Update 1: added “smart_drive_temp_info.zsh”
Update 2: added Model and Serial columns to the output in “smart_test_summary.zsh”
Update 3: “smart_test_summary.zsh” was showing “FAILED (Self-test)” for a drive that runs a test at the moment, now it shows “In progress” for such drive.

You could install Scrutiny instead and get a nice dashboard on top.

@pmh , this one GitHub - AnalogJ/scrutiny: Hard Drive S.M.A.R.T Monitoring, Historical Trends & Real World Failure Thresholds ?

Yes, it’s in the app catalog, just a handful of clicks to get up and running.

1 Like

@pmh scrutiny looks super advanced for my use case :thinking: I am not (yet) using Docker and have no idea how to run it on Scale :innocent: any hints for a proper fan control scripts on Supermicro? Otherwise going through the pain of Supermicro Fan Control - #29 by pvb after an upgrade from Core to Scale. And yes, I tried hybrid_fan_control, but it randomly fails to read CPU temperature for no good reason.

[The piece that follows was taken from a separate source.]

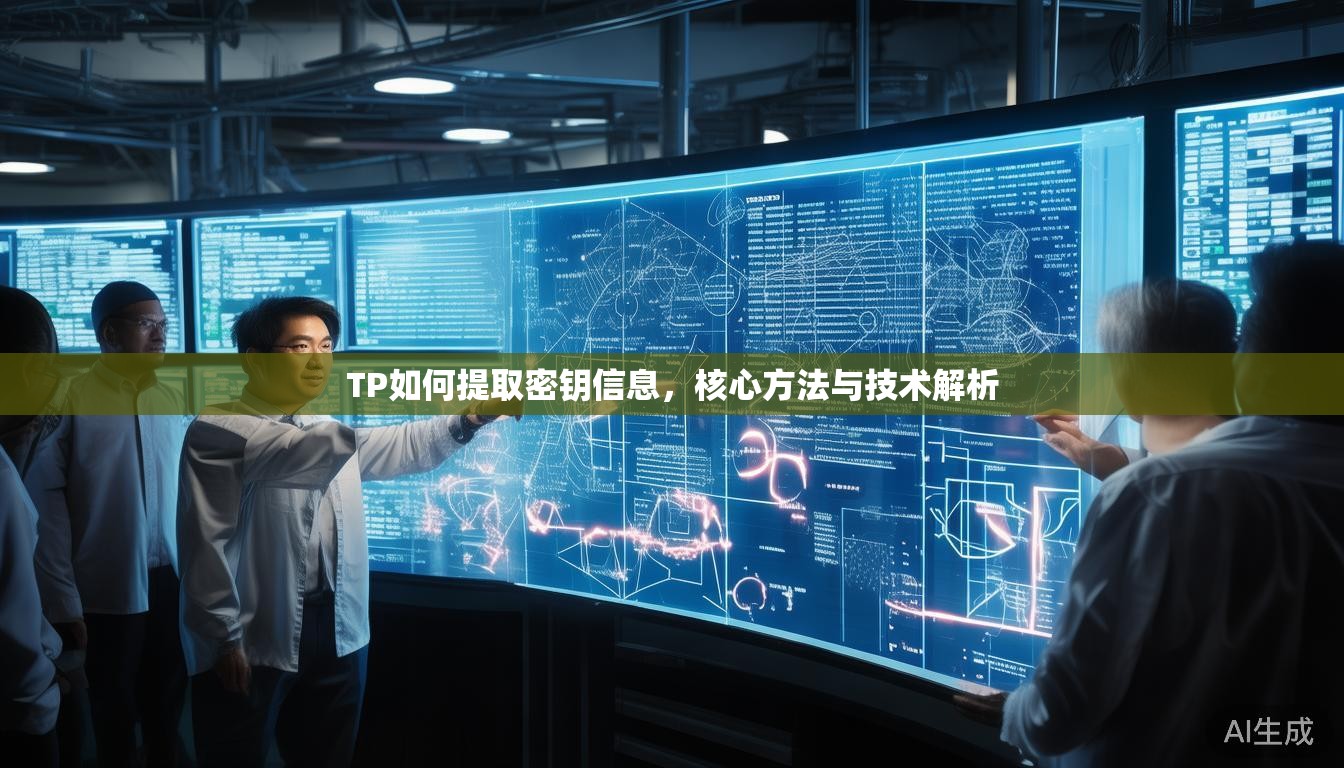 TP如何提取密钥信息，核心方法与技术解析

update: figured out Docker, menu Apps → Configuration - Choose Pool, then search for scrutiny, then install/deploy… works like a charm :tada:

Docker is built into SCALE/CE - just click on “Apps” in the menu, set the pool, click on “Discover Apps” in the upper right and fire away. No need to know anything about Docker at all - you have hundreds of apps at your disposal.

1 Like

Hi @pmh , is it possible that scrutiny reports a different temperature than own Truenas Web UI? And I am not finding controls to run (re-run) the current temperatures in scrutiny… does it work on its own schedule after some (how many?) minutes? No parameters in Settings :frowning: at least not in the UI.

You could also give Multi-Report a try, or FreeNAS Report. Scrutiny is easy and has a nice GUI. The other two are BASH scripts and send you the data in an email.

I run Scrutiny and Multi-Report. Multi-Report has other features besides the reporting.

1 Like

@joeschmuck , thank you for sharing. GitHub - JoeSchmuck/Multi-Report: FreeNAS/TrueNAS Script for emailed drive information. – I sense this is gold for novice and pros, specifically, Drive Troubleshooting Flowcharts.

ok, it seems that this page allows only one message to be marked as a solution, while I see at least two:

:pray: @pmh – Apps → Configuration - Choose Pool, then search for scrutiny, then install/deploy, scrutiny on Github: GitHub - AnalogJ/scrutiny: Hard Drive S.M.A.R.T Monitoring, Historical Trends & Real World Failure Thresholds

:pray: @joeschmuck – Multi-Report, discussed here and source on Github: GitHub - JoeSchmuck/Multi-Report: FreeNAS/TrueNAS Script for emailed drive information.